She returned his appraising glance. “You
look different too, you know.”
He grew uncomfortable. “I look stupid with
black hair instead of brown.”
“No,” she said. “It suits you, but that’s
not what I meant.”
“You look really odd without your Raithlin
He shrugged. “If I
assure you, I feel even stranger.”
He had swapped his normal garb, clothes
that would have ensured his arrest on sight, for a plain pair of tan trousers
and a wine-red tunic so faded by wear as to be near colorless. But he had not
chosen the clothes without due thought. Not only would their drabness allow him
to appear unremarkable in a crowd, but if he had to hide, those colors would
blend well with bricks and tiles.
To further their disguises Lanrik carried
Erlissa’s walnut staff.
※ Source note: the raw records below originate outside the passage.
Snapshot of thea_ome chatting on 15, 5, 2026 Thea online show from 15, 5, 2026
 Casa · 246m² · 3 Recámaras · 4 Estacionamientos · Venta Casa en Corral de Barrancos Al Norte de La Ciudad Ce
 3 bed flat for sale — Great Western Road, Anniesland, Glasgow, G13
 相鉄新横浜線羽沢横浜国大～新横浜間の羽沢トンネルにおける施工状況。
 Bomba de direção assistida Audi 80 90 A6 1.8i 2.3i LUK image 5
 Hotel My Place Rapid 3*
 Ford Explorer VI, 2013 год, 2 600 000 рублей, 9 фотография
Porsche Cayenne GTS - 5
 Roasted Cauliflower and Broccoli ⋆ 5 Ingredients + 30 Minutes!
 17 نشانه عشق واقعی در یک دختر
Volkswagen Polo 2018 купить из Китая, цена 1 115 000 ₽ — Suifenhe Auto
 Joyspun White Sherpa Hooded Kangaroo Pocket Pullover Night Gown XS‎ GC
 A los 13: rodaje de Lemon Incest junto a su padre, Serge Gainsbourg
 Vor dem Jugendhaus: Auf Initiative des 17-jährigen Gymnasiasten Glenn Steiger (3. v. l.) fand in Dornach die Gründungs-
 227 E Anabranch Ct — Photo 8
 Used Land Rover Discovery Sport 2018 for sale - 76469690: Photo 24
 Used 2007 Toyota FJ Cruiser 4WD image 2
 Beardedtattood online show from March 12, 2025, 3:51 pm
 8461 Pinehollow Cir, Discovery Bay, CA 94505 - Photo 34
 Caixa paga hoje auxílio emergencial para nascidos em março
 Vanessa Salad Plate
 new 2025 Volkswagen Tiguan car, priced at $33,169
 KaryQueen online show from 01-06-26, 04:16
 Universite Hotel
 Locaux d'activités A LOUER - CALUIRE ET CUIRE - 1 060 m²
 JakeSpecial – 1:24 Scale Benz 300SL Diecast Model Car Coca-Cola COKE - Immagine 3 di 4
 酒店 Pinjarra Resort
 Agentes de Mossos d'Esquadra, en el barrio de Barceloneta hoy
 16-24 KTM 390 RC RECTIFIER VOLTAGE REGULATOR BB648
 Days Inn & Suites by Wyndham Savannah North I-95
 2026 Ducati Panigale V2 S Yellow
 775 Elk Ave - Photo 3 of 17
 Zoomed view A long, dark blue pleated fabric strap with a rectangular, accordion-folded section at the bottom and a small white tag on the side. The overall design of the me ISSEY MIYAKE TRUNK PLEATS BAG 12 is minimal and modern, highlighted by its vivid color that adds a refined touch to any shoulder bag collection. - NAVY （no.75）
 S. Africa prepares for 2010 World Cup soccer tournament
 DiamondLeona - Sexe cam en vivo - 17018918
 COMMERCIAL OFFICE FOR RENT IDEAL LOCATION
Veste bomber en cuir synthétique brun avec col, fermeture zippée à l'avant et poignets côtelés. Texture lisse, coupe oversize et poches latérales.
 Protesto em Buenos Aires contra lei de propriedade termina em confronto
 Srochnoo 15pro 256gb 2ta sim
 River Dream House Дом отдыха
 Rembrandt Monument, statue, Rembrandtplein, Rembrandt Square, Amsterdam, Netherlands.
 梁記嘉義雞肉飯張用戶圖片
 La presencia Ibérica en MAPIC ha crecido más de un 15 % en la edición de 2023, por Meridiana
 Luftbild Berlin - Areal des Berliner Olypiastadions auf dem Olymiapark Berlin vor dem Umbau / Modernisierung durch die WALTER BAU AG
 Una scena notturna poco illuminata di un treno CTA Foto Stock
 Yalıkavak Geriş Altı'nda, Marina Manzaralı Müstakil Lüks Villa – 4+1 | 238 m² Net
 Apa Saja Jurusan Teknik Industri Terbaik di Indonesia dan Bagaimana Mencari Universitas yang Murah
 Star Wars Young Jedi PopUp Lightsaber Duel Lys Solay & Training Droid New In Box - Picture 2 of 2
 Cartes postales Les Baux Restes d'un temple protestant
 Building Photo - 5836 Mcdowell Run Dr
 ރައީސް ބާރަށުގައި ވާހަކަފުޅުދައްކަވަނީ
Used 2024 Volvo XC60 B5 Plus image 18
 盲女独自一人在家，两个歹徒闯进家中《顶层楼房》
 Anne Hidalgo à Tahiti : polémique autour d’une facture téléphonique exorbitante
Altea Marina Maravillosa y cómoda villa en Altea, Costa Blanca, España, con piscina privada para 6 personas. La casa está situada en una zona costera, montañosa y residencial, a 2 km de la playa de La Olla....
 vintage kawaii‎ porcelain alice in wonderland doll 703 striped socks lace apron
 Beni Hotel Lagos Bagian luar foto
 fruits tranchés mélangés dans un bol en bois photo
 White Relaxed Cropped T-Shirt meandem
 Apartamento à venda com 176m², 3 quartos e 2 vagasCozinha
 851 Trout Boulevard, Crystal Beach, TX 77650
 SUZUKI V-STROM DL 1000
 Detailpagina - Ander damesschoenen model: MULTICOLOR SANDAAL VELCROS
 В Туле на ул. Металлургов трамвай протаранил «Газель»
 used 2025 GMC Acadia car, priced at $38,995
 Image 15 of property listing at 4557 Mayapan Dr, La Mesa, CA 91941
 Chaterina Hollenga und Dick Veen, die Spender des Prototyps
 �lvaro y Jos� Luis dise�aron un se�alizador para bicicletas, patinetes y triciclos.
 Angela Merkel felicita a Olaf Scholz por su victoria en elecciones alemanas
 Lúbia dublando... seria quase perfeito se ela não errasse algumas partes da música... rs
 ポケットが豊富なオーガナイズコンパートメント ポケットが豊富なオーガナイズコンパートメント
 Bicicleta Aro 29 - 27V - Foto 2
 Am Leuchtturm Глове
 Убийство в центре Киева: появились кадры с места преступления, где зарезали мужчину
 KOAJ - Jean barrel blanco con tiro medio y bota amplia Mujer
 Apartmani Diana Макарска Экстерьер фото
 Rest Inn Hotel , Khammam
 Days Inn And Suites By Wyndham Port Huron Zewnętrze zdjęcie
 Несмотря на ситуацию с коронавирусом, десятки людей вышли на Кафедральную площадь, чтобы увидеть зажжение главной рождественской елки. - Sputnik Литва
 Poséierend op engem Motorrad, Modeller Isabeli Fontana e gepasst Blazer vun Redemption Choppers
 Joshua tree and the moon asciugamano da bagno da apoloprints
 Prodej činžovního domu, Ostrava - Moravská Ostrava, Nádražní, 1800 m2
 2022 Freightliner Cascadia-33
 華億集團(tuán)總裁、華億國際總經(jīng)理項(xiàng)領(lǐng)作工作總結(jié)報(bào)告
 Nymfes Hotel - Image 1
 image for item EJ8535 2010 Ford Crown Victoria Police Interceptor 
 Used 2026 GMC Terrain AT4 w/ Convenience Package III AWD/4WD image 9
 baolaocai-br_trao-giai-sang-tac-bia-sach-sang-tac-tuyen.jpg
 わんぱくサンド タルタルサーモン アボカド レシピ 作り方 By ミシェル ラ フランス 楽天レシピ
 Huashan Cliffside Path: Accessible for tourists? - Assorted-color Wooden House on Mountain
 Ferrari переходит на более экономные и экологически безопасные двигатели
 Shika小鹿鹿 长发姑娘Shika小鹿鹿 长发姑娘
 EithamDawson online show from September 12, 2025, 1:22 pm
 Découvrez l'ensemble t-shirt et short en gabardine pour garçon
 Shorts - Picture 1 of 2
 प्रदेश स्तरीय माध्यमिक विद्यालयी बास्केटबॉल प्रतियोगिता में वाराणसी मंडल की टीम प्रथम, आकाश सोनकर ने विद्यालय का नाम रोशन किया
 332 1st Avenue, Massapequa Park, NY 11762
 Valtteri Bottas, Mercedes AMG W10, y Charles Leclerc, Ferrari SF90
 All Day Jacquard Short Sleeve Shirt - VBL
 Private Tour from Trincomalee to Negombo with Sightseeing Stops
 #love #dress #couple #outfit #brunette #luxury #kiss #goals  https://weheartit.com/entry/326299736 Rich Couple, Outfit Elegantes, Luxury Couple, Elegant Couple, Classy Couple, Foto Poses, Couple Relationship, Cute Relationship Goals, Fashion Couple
He also wore a sword. Although it was a Raithlin blade,
etched with the trotting fox motif, he refused to leave it behind. It was an
act of defiance against Ebona and King Murhain. Futile, perhaps, but it made
him feel better. Anyway, he should not have any cause to draw it, so no one
would ever know. At least, he hoped so. It felt a suddenly foolish decision the
closer he came to the city though.
He carried the staff lightly as he walked.
It felt cool to his touch, and heavy, even for walnut. Not only did his
carrying it, instead of her, reduce the chance that someone would recognize her
as a lòhren, it served another important purpose. Part of his disguise was to
act as a bodyguard to her pretense as a healer. Bodyguards often carried staffs
and used their blades only as a last line of defense.
They walked easily but quickly down the
hill. Their horses were on their way back to Lòrenta with several of the new
Raithlin who had come this far, but no more, as a training exercise.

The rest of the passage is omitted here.